What you will do: Every line below needs to be printed again exactly, without any of its pictures.

Input data:
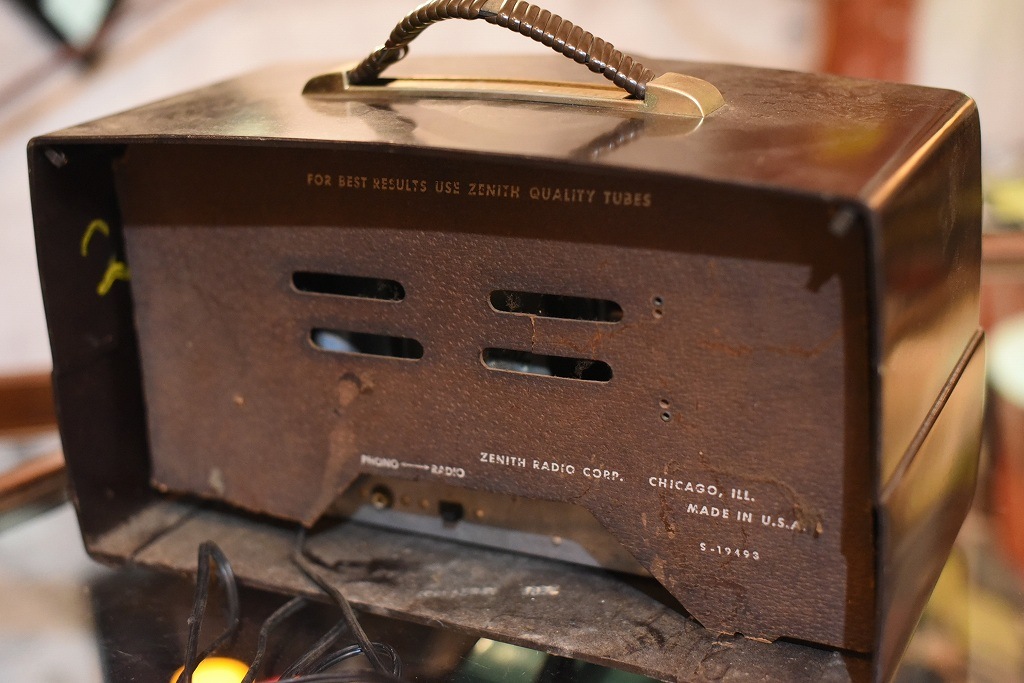 R0046 レンタル ヴィンテージ　ラジオ  「ZENITH Electronics U.S.A. No.S-19493」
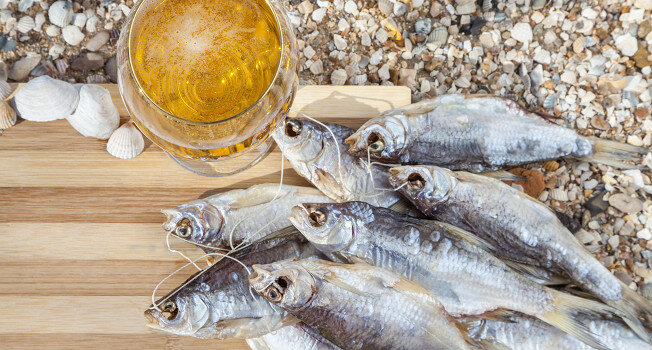 Почему соленая рыба идеально подходит к пиву?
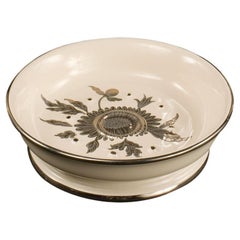 Porcelaine blanche du 21e siècle  et porte-savon en porcelaine décorée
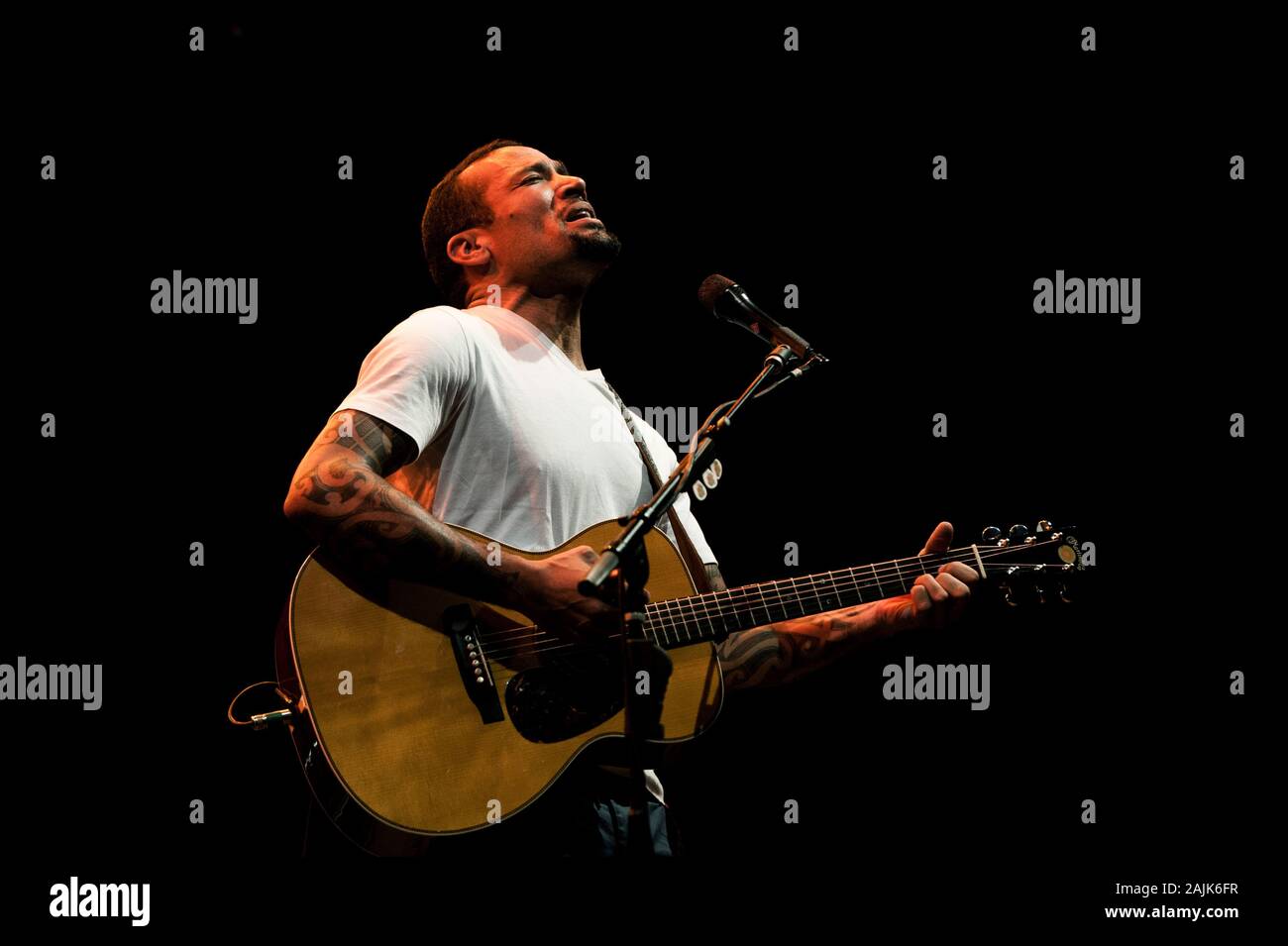 Mailand Italien 20 Juli 2011 Live Konzert von Ben Harper und Live Konzert von Robert Plant in der Arena Civica: Der Sänger und Gitarrist Ben Harper während des Konzerts Stockfoto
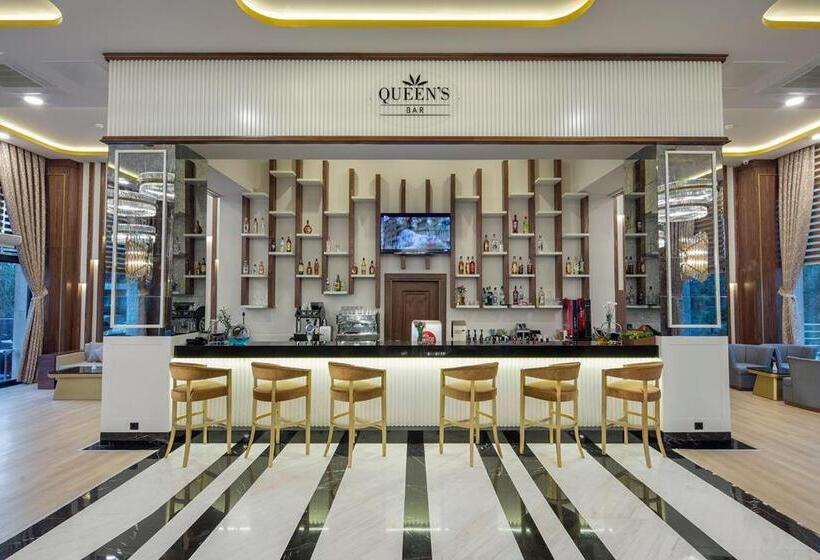 هتل Aydinbey Queen S Palace & Spa   Ultra All Inclusive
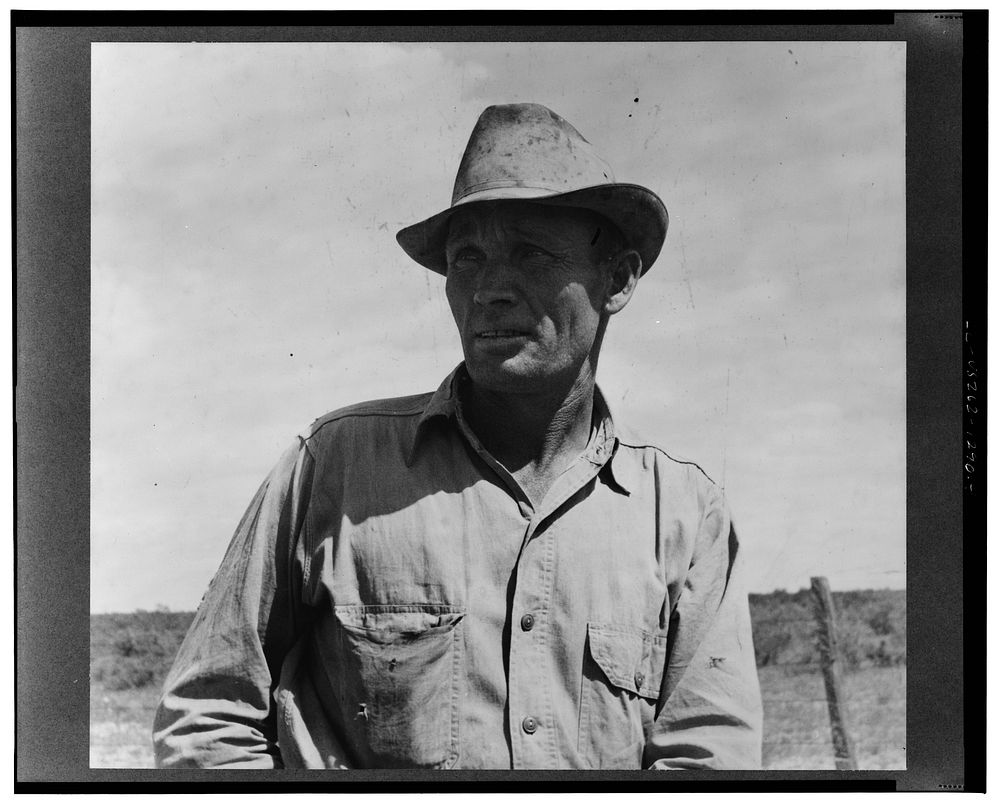 Migrant oil worker near Odessa, Texas. Sourced from the Library of Congress.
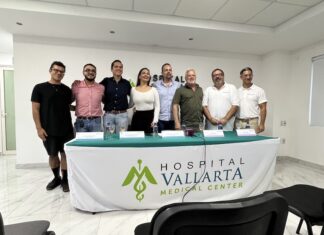 El Centro Comunitario Gay+ se Asocia con el Centro Médico Vallarta (left to right) Poncho Davalos, Vallarta Gay+ Community Center (VG+CC); Dr. XXXX, Vallarta Medical Center (VMC); Lic. Israel Valadez Cruz, VMC; Dra. Daniela Sahigun Flores, VMC; Dr. Alberto Marron McNaught, VMC; Don Pickens, VG+CC; Pedro Lopez, VC+CC; and Matt Karimi, VG+CC. Photo by Oscar Almeida.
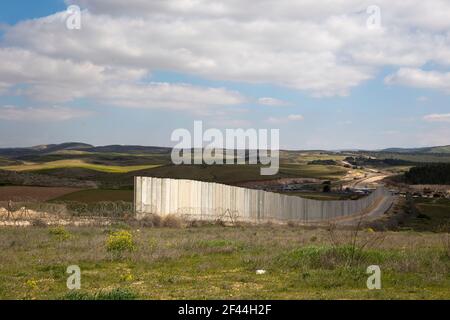 Calcestruzzo muro di separazione tra Israele e la Palestina in Cisgiordania Foto Stock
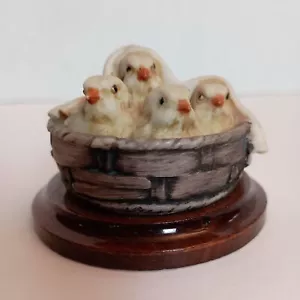 Porzellan Baby Küken im Korb von Giuseppe Armani Capodimonte Itlay signiert - Bild 1 von 8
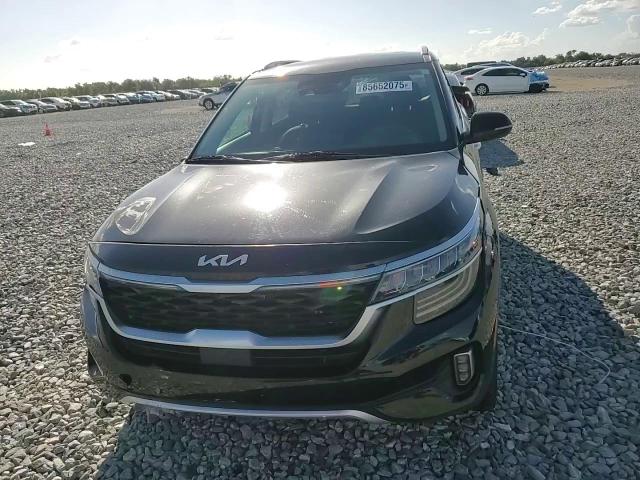 2023 Kia Seltos Sx VIN: KNDETCA25P7357786 Lot: 85652075
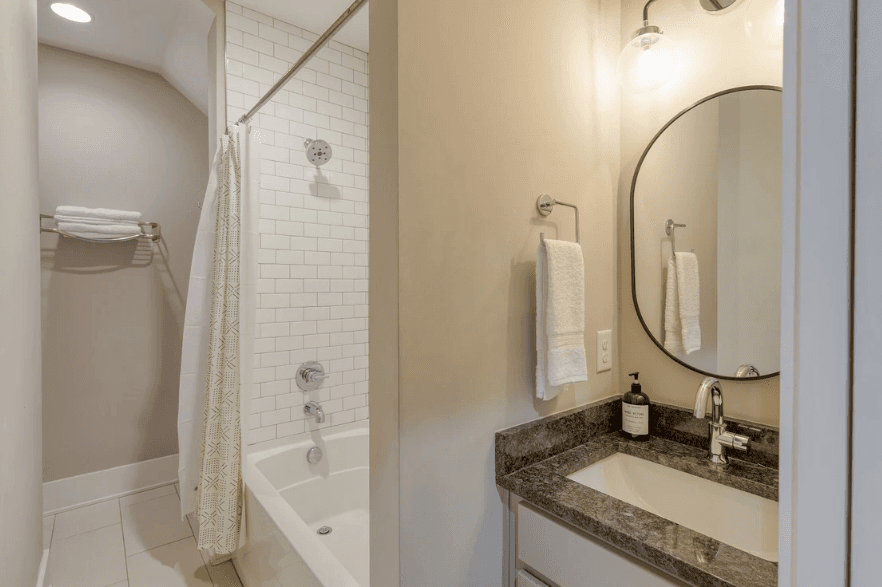 Doralee Home - Image 18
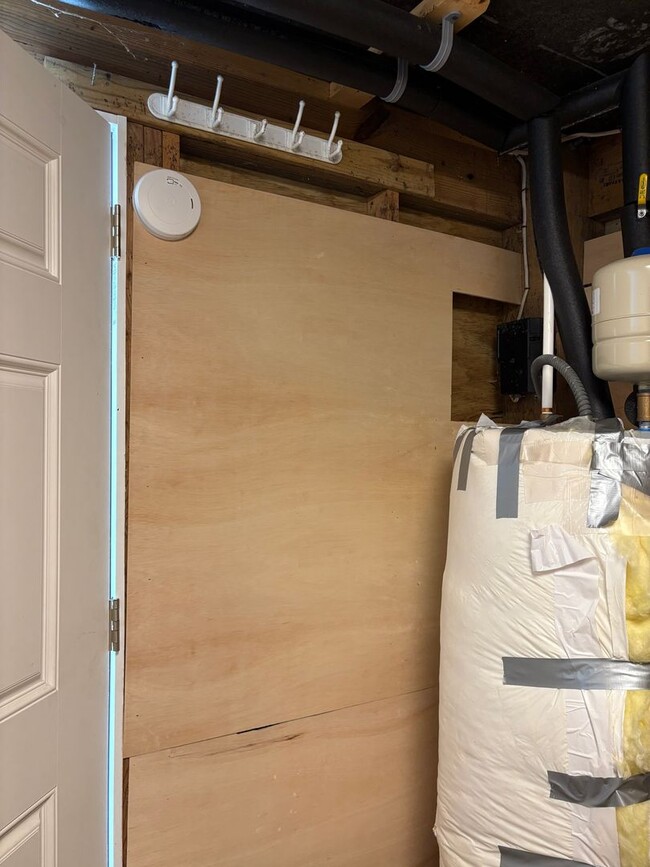 Building Photo - Available now for 12 month lease! 2150 per month (no pets)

Completed task:
 R0046 レンタル ヴィンテージ　ラジオ  「ZENITH Electronics U.S.A. No.S-19493」
 Почему соленая рыба идеально подходит к пиву?
 Porcelaine blanche du 21e siècle  et porte-savon en porcelaine décorée
 Mailand Italien 20 Juli 2011 Live Konzert von Ben Harper und Live Konzert von Robert Plant in der Arena Civica: Der Sänger und Gitarrist Ben Harper während des Konzerts Stockfoto
 هتل Aydinbey Queen S Palace & Spa   Ultra All Inclusive
 Migrant oil worker near Odessa, Texas. Sourced from the Library of Congress.
 El Centro Comunitario Gay+ se Asocia con el Centro Médico Vallarta (left to right) Poncho Davalos, Vallarta Gay+ Community Center (VG+CC); Dr. XXXX, Vallarta Medical Center (VMC); Lic. Israel Valadez Cruz, VMC; Dra. Daniela Sahigun Flores, VMC; Dr. Alberto Marron McNaught, VMC; Don Pickens, VG+CC; Pedro Lopez, VC+CC; and Matt Karimi, VG+CC. Photo by Oscar Almeida.
 Calcestruzzo muro di separazione tra Israele e la Palestina in Cisgiordania Foto Stock
 Porzellan Baby Küken im Korb von Giuseppe Armani Capodimonte Itlay signiert - Bild 1 von 8
 2023 Kia Seltos Sx VIN: KNDETCA25P7357786 Lot: 85652075
 Doralee Home - Image 18
 Building Photo - Available now for 12 month lease! 2150 per month (no pets)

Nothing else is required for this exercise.